Tyland was not the great commander Jason had been – not that it had done the deceased husband of Lady Johanna much good in the end – but even he could see 'King of the Traitors' Walder Reyne had to go north and regroup at Sarsfield now that his first attempts to seize the heart of the West had so monumentally failed.
The Golden Tooth hadn't fallen, Castamere wouldn't hold forever against the trebuchets of House Banefort, and as long as the Rock and the surrounding fields were secure, House Lannister could fund and fight this war for a couple of years.
"And it is why it is important we don't waste any time. Give your men a night of rest, Captain. We will attack at next dawn."
"Err...my Lord? You haven't said what your orders are for the women and the smallfolk of Sarsfield?"
"I thought it was evident, Captain," Tyland smiled, extending his palm and receiving one of the famous green arrows of House Sarsfield. "Spare the smallfolk who aren't in arms, we have need of them. But House Sarsfield dies. I don't care if there are seventy name days crones or babes in this castle, we will kill their whole line."
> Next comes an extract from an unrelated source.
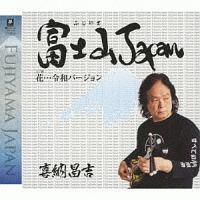 yMAXIzxmRJapan(}LVVO)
"This is...this is monstrous!"
"More monstrous than the fate these traitors and oath-breakers had in mind for Lannisport and the Golden Tooth?" He asked rhetorically. "We haven't begun this war."
The arrow broke in his hands.
"But as the Seven are my witness, I am going to end it. Hear me Roar."
Ser Kevan Sarsfield
Kevan had known the Lannisters had lost their might years ago, but these buffoons managed to fall lower than his worse expectations.
"Six thousand men, not eight thousand," the new Heir of House Sarsfield spoke loudly for everyone in the walls to hear. "And they have mustered all the rabble of Lannisport to reach that number."
"Ser, I advise prudence."
"Why? Because you think their leather armour will transform itself in good plate when we won't look at it?"
"No, Ser. Because they won a great victory at Lannisport with this 'rabble'."
Kevan Sarsfield openly laughed.
"They didn't win against true Westerners. They won against 'warriors' as pathetic as they are. I told the King it was a mistake to give the command to this imbecile of Rogare. It was his fault the plan failed."
The sellswords and the upstart corsairs had asked for all the naval commands available when the time arrived to divide up the tasks. The Essossi had pushed for the commands of Fair Isle and Lannisport – at least by the naval side. And they had utterly failed.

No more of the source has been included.